This is another case where it appears that every rule in the family, child and community services act is being broken. There is no provision in the act for adjourning presentation hearings and yet the presentation hearing, instead of being summary and completed as quickly as possible, has been stretched to four months. Instead of getting to a protection hearing within 45 days, a date has been set sometime next year for a court conference at which the parents will not be allowed to speak, or demand the director show his evidence. If contested it will take another year to get to trial and possibly much longer. In the Bayne case it took 27 months to commence a protection hearing. Whatever happened to the guidelines under sections 2 and 4 of the CF&CSA?
Ray Ferris speaks from 31 years of service in child welfare and protection as a social worker and district supervisor and family court coordinator. He cannot tolerate unseemly case work or the injustice imposed upon families in too many cases.It is increasingly obvious that the courts are so log jammed that they are no longer capable of serving the purpose of ensuring that the best interests of children as defined under section 4 are protected. Judges now have little choice but to rubberstamp the applications of the directors. Parents get no say for months or years. It seems therefore that there must be greater onus on the deputy minister and on the director of child services to scrutinise field practice. It cannot be left solely in the hands of judges whose hands appear to be tied. The ministry officials can only influence what takes place within the court room by instructing counsel. However, they have great control over what gets into the courtroom and what is presented to the judges. Weak evidence should be sorted out by the imposition of standards of practice and by staff training. I have seen too many cases where children were kept in care for many months, only to have the case withdrawn before trial.

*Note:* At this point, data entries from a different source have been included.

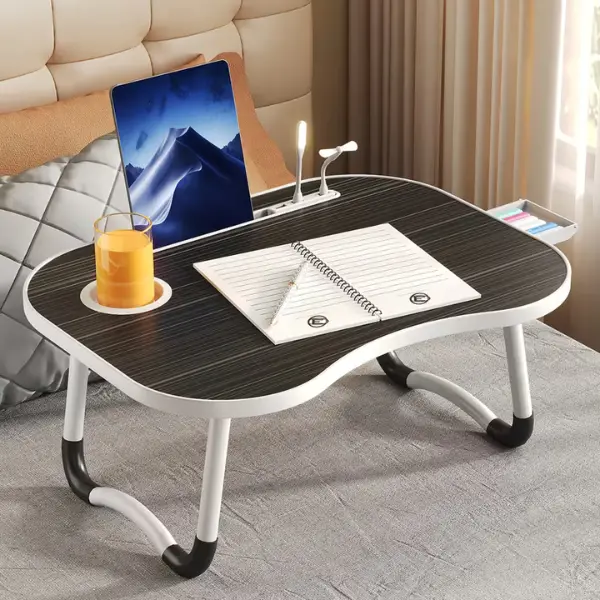 Portable Laptop Bed Desk with USB Fan & LED Light | Foldable Bed Table with Cup Holder, Tablet Slot & Storage Drawer | Multifunction Study, Reading, Work & Breakfast Tray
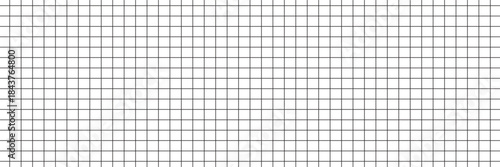 Grid black texture on white background. Wide squared black grid paper. Mathematics pattern. Notebook sheets blank. School and education backdrop. Template for typography to make notebooks production.
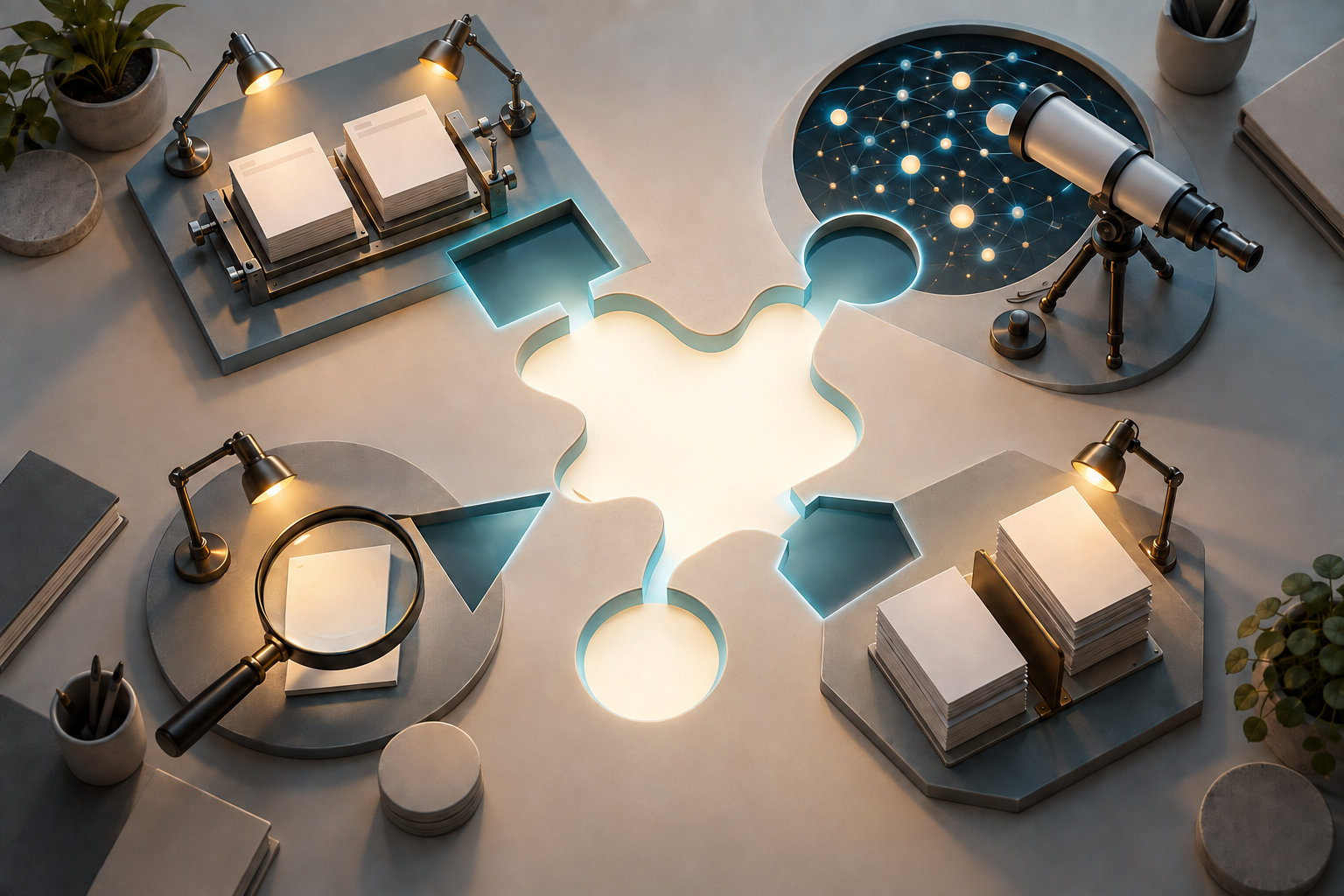 Four research stations use different instruments to examine website models, search signals, a page fragment, and documents around a central focal point.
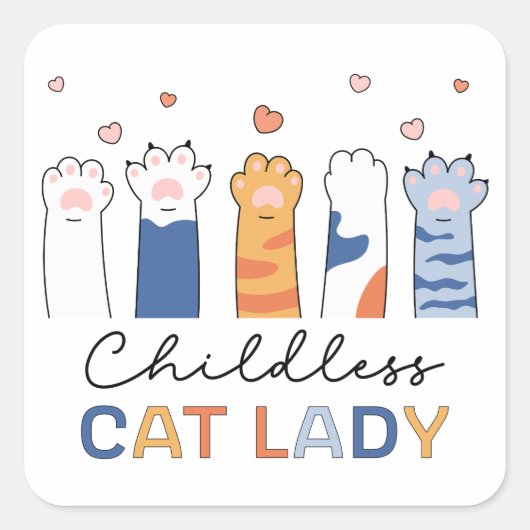 Childless Cat Lady Voting Kamala Harris Präsident Quadratischer Aufkleber (Vorderseite)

Another matter of concern is that the director in this case is one who has a proven track record of adversarial and obstructive behaviour. I believe the name Bruce McNeill is well-known to former opposition critics. This is the director who banned the feeding of breast milk to the newborn Bayne baby only a few months ago.
I think that it is high time that the minister ensures that the act can be followed as the legislature enacted it and intended it to be followed, or find a much better way of protecting children from adversarial employees. It is too bad when parents begin to feel that only the news media can protect them.
Note to Mr. Brown and the Hon. Mary McNeill, do not bother to send me a form letter explaining that you cannot discuss these cases because of privacy concerns. However, I would be most happy if you could respond in a more or less intelligent manner to the general issues that I raise. I have already made a submission to the joint standing committee covering the above and many other points.